# Text Analysis Assignment

## Assignment Details

The text below is a summary from [this document](https://docs.google.com/document/d/1FNRmAS_vc-2eQESHH6uZMcuDVr720rsx-aDWGH3oz_Y/edit?usp=sharing).

The main goal of the assignment is to have you practice the tools we have been using in class.

The requirements are:

- Choose one or more texts to work with.
- Either save the text files in your working directory, or have python get them from a web address.
- If needed: convert your text from bytes to a string
- Tokenize your text
- Make it an NLTK text object so you can use nltk tools on it
- Clean the text in a way that is appropriate for the kind of analysis you want to do.
- Run some analysis
- Report findings

Important notes:

- If you plan to use functions, have your functions as a separate python file and import it in your main file.

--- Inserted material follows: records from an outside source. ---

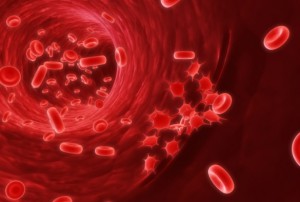 platelets and blood cells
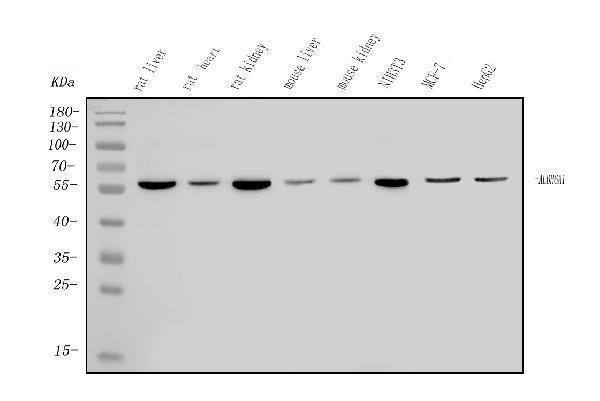 a08868 1 aldh6a1 primary antibodies wb testing 1_1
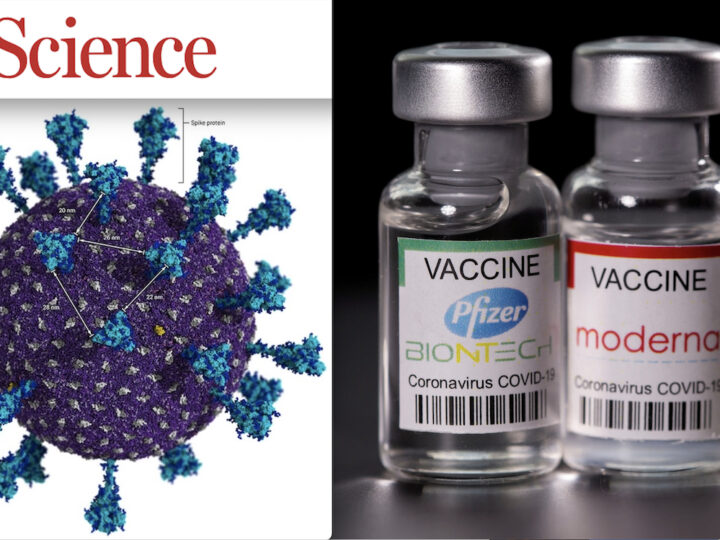 RIVISTA “SCIENCE” AMMETTE IL “FALLIMENTO” DEI VACCINI COVID. Proteine Spike troppo Distanti, Flop di Cellule Immunitarie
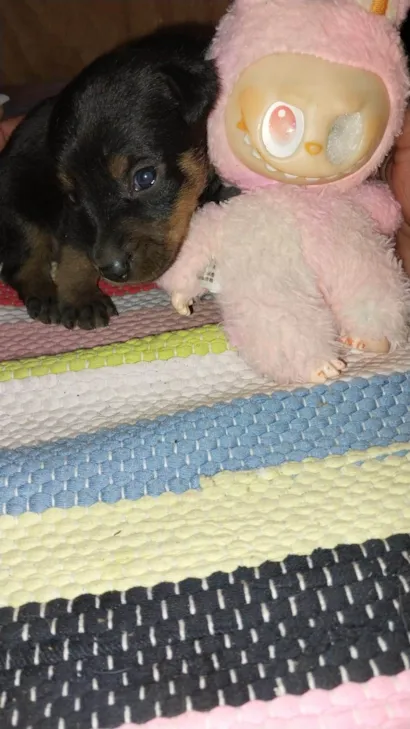 Cachorro raça SRD-ViraLata idade Abaixo de 2 meses nome Turminha Feliz 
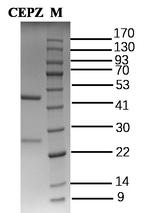 Cefoperazone Antibody in SDS-PAGE (SDS-PAGE)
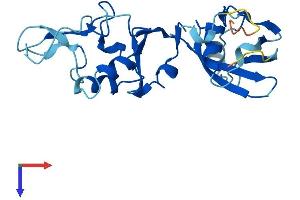 AlphaFold protein structure predicition of Human Recombinant CYB5D1 Protein, UniprotID Q6P9G0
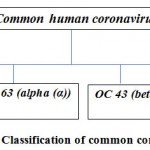 Figure 1: Classification of common coronavirus in humans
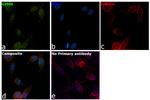 Gephyrin Antibody in Immunocytochemistry (ICC/IF)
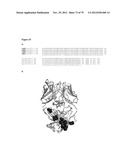 MEDITOPES AND MEDITOPE-BINDING ANTIBODIES AND USES THEREOF diagram and image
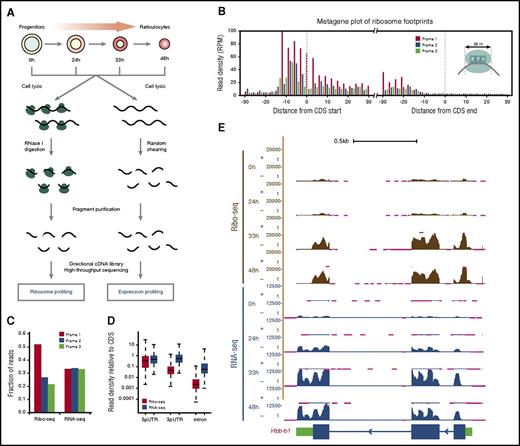 Figure 1. Global translation profiling during red blood cell development. (A) Workflow for parallel ribosome and RNA profiling during erythropoiesis. (B) Ribosome footprints (RFPs) delineate known CDSs. Metagene plot shows the rise and fall in 28-nt RFP density (reads per million mapped reads, RPM) near starts and ends of annotated CDSs, respectively. The 12-nt and 15-nt offsets from starts and ends reflect distances from RFP 5′ termini to the ribosome P- and A-site codons at translation initiation and termination, respectively (see inset). (C) Subcodon resolution of ribosome footprints. Note that 3-nt codon periodicity relative to the known CDS is seen for 28-nt RFPs but not RNA-seq reads. (D) Ribosome footprints are highly specific to coding regions. Boxplots show density of Ribo-seq and RNA-seq reads at UTRs or introns relative to that of the associated CDS. (E) Ribosome and RNA profiling of the locus encoding the β-globin–major chain (Hbb-b1). Tracks display Ribo-seq and RNA-seq signal as density of mapped strand-specific reads. The gene model with CDS (blue) and UTR (green) regions is shown at the bottom. Kb, kilobases; RNase I, ribonuclease I.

- Please, over-comment your script. Make sure to comment every step of the way. Make sure to not only explain what you are doing in terms of code, but also your analytical goal too. For instance, both "I am running a for loop to remove the common words" and "I am trying to see how these two authors compare in terms of the ratio of unusual words to total words" are kind of comments I want to see.


## Assignment Submission

### Itinerary

I want to compare usage of modal verbs in American/English men and women authors from 19th century literature. I wonder if there is any difference based on nationality or gender. To do my proposed analysis, I will:

- Download a sample of raw texts from [Project Gutenberg](https://www.gutenberg.org/) using `urllib`
- Convert the texts from bytes to a string
- Tokenize the texts
- Make it an NLTK text object
- Clean the texts, including removing front matter and other empherma from Project Gutenberg texts
- Create a list of modal verbs, filter for these works in each text
- Perhaps create a conditional frequency distribution on all texts (?) to see if we can establish a pattern

### Imports

In the cell below, I'm importing the libraries/modules:

In [1]:
from urllib.request import urlopen
from nltk import word_tokenize
from nltk import Text
from nltk.probability import FreqDist
from nltk.probability import ConditionalFreqDist

### Collecting the texts from Project Gutenberg

The first step is to get the raw texts from Project Gutenburg. This work is demonstrated in the cells below:

In [2]:
# Create variables for each plain text file on PG
custom_of_country_url = 'https://www.gutenberg.org/cache/epub/11052/pg11052.txt'
little_dorrit_url = 'https://www.gutenberg.org/files/963/963-0.txt'
persuasion_url = 'https://www.gutenberg.org/cache/epub/105/pg105.txt'
the_awkward_age_url = 'https://www.gutenberg.org/files/7433/7433-0.txt'


In [3]:
# Open URLs
custom_country_file = urlopen(custom_of_country_url)
little_dorrit_file = urlopen(little_dorrit_url)
persuasion_file = urlopen(persuasion_url)
the_awkward_age_file = urlopen(the_awkward_age_url)

In [4]:
# Read in the texts and assign them to a variables
custom_country_raw = custom_country_file.read()
little_dorrit_raw = little_dorrit_file.read()
persuasion_raw = persuasion_file.read()
the_awkward_age_raw = the_awkward_age_file.read()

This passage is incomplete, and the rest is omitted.